The semivariogram is a continuous function at the origin. This means that as the lag h approaches zero, the semivariogram value approaches zero:

lim h→0 γ(h) = 0

This property reflects the assumption of intrinsic stationarity, which means that the variance of the difference between values at two locations depends only on the distance between them, not on their absolute positions.

Boundedness

The semivariogram is a bounded function. This means that there is a finite value, called the sill, beyond which the semivariogram does not increase:

lim h→∞ γ(h) = C

where C is the sill. This property reflects the assumption of stationarity, which means that the spatial dependence does not increase indefinitely with distance.

Estimation

The semivariogram is typically estimated from data using the method of moments. The empirical semivariogram, denoted as γ*(h), is defined as:

γ*(h) = 1/(2N(h)) * ∑i=1 to N(h) [Z(xi + h) - Z(xi)]²

where N(h) is the number of pairs of locations separated by the lag h. The empirical semivariogram is a biased estimator of the true semivariogram, but it is consistent, which means that as the sample size increases, the estimate converges to the true value.

Modeling

The semivariogram is often modeled using a parametric function, such as the exponential, spherical, or Gaussian function. The choice of the model depends on the characteristics of the data and the assumptions of the spatial random field.
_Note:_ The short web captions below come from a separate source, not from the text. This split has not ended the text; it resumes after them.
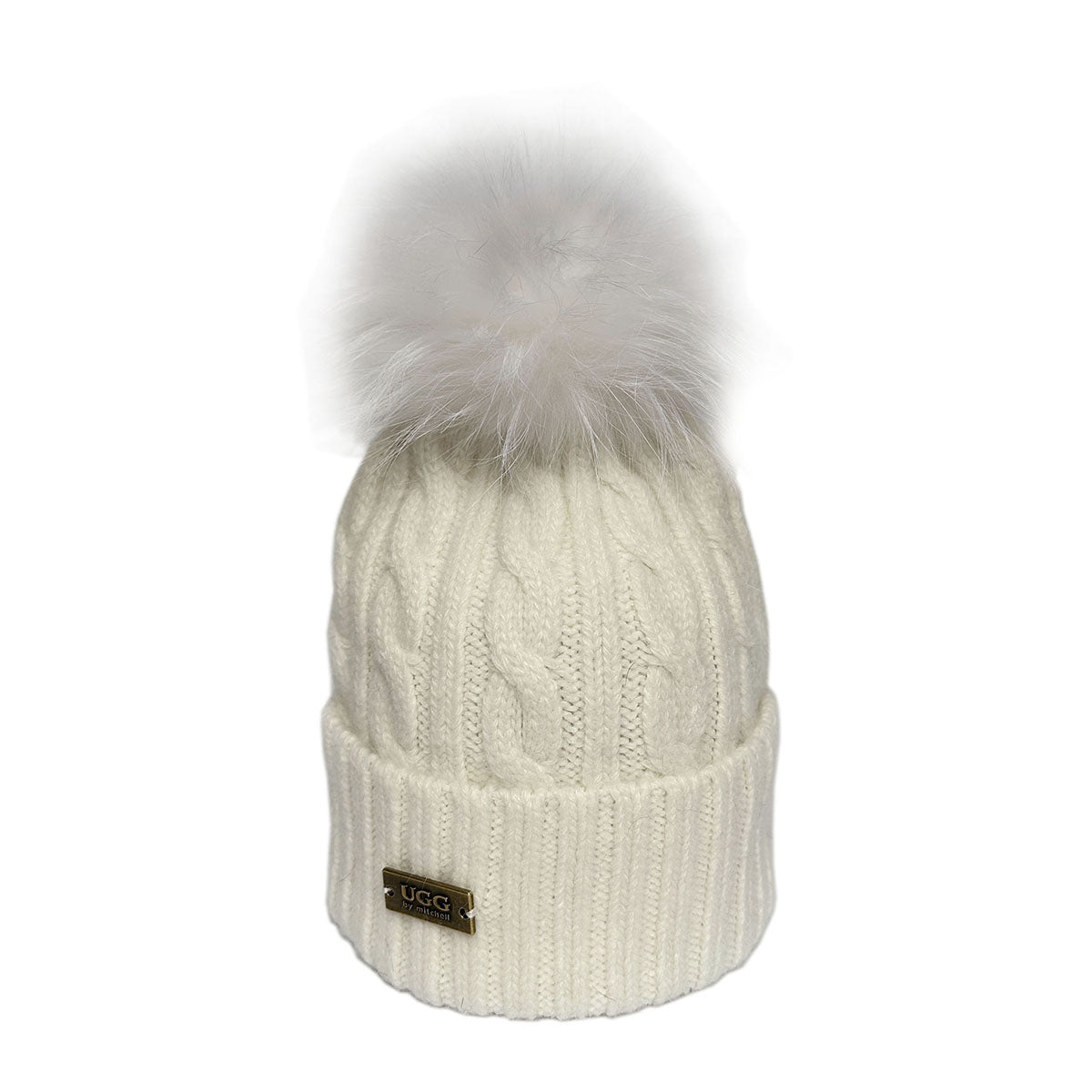 Mitchell-Y Pom Pom UGG Beanies 2P - UGG Specialist Australia Main image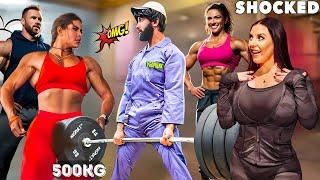 Elite Powerlifter Pranks Worlds Strongest Man with FAKE Weights! (EXPOSED) #2  | Anatoly GYM PRANK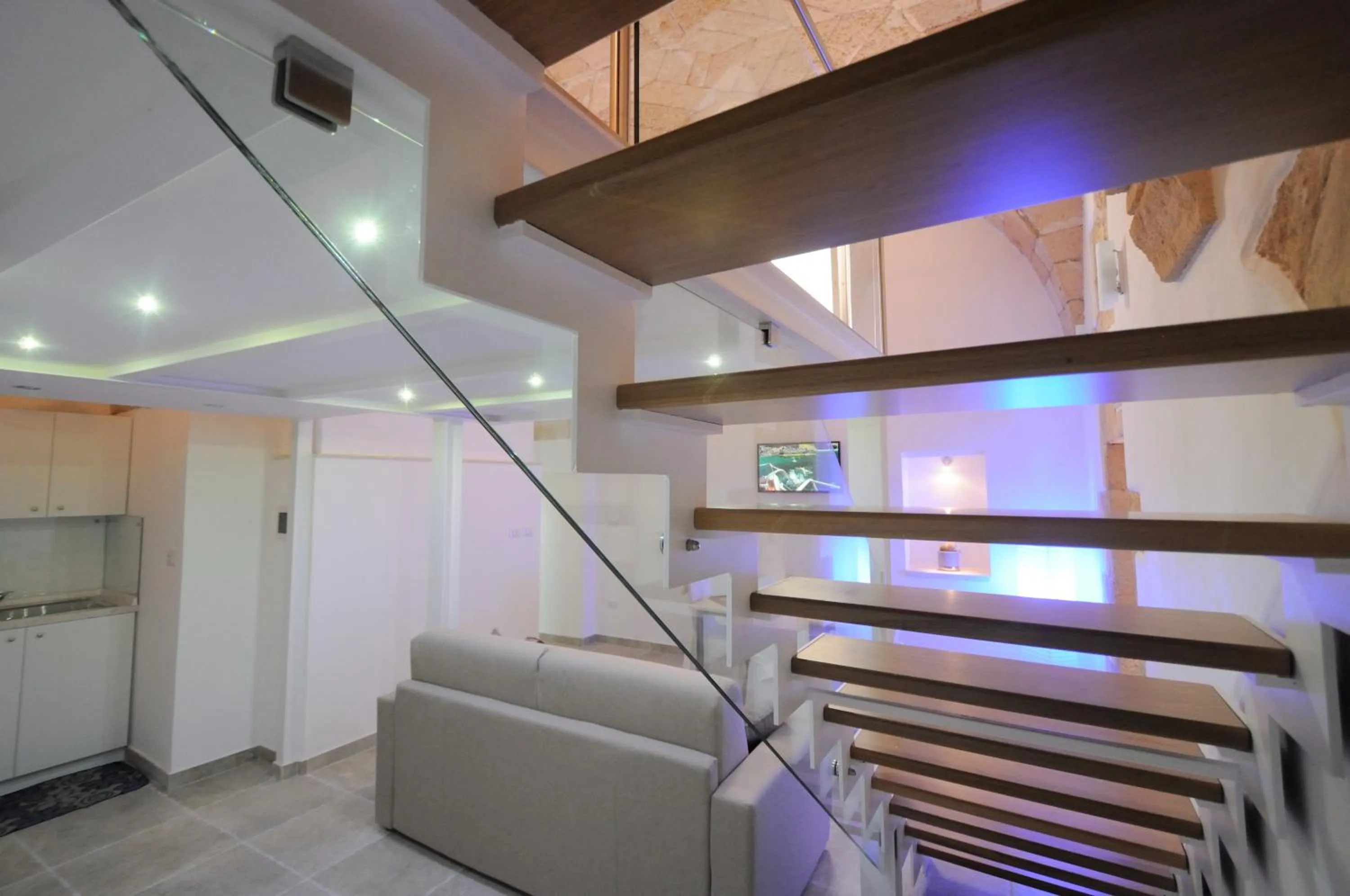 Decorative detail in B&B Corte Regina Esther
The parameters of the model, including the range, sill, and nugget, are typically estimated using the method of least squares or maximum likelihood.

Applications

The semivariogram is used in various applications in geostatistics, including spatial prediction, spatial interpolation, and spatial simulation. The most common application is kriging, a geostatistical estimation technique that uses the semivariogram to quantify the spatial dependence and to estimate values at unsampled locations.